Work task
Reproduce the listing below word for word, with no pictures.
*** Given data ***
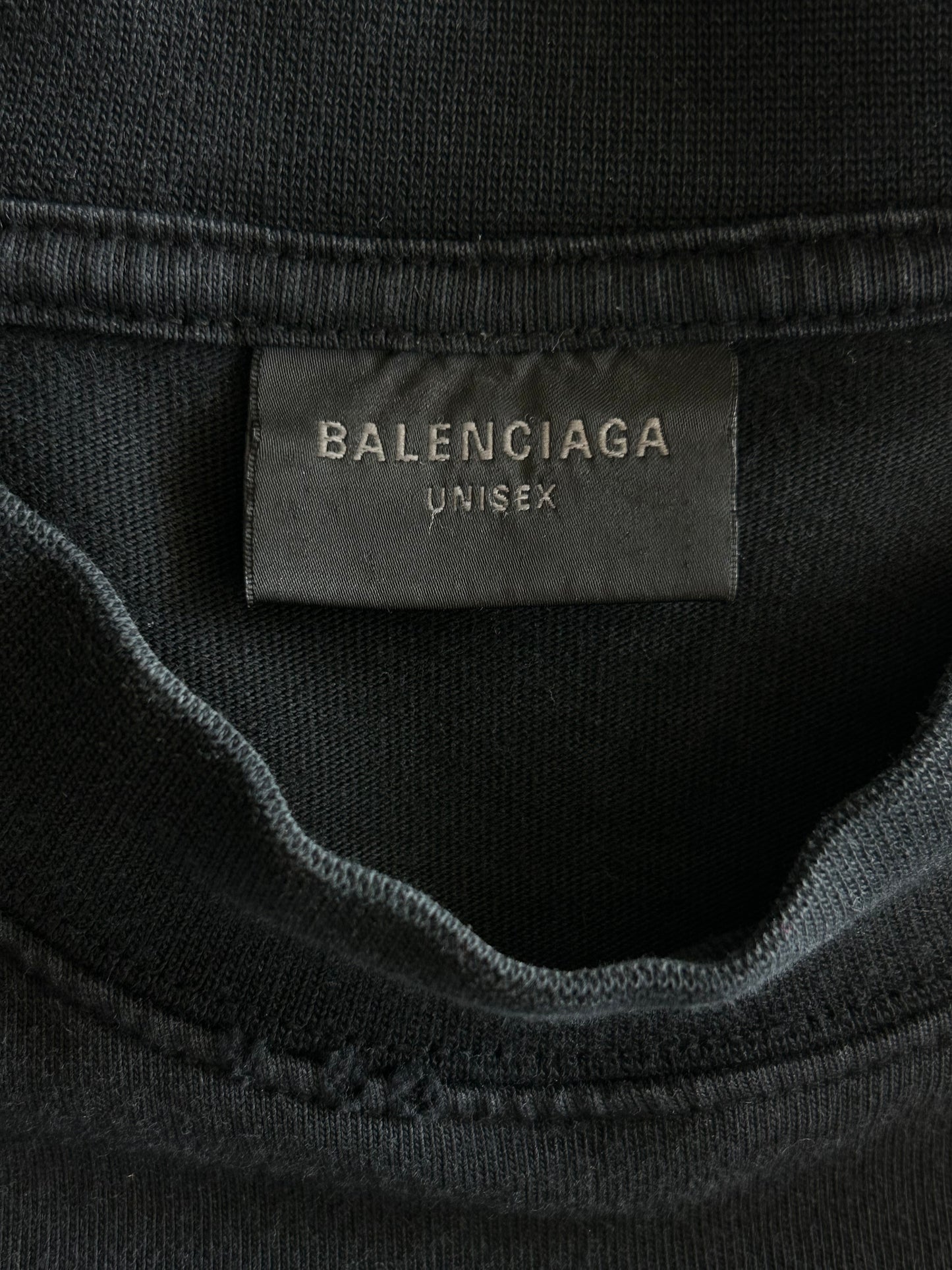 Balenciaga Black & White Apple Logo T-Shirt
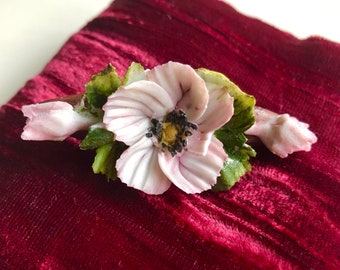 Vintage 1960’s Capodimonte Floral Brooch/Pin - Various Colours/Styles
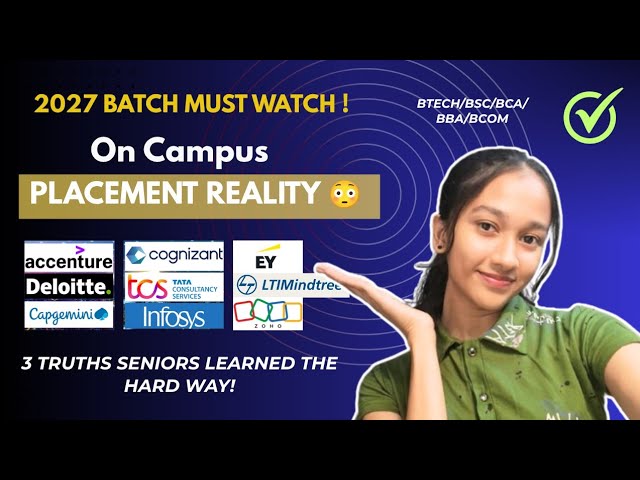 🔥 Before Placement Season Starts, Watch This! (2027 Batch Must Know)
*** End of Given data ***
Worked solution
 Balenciaga Black & White Apple Logo T-Shirt
 Vintage 1960’s Capodimonte Floral Brooch/Pin - Various Colours/Styles
 🔥 Before Placement Season Starts, Watch This! (2027 Batch Must Know)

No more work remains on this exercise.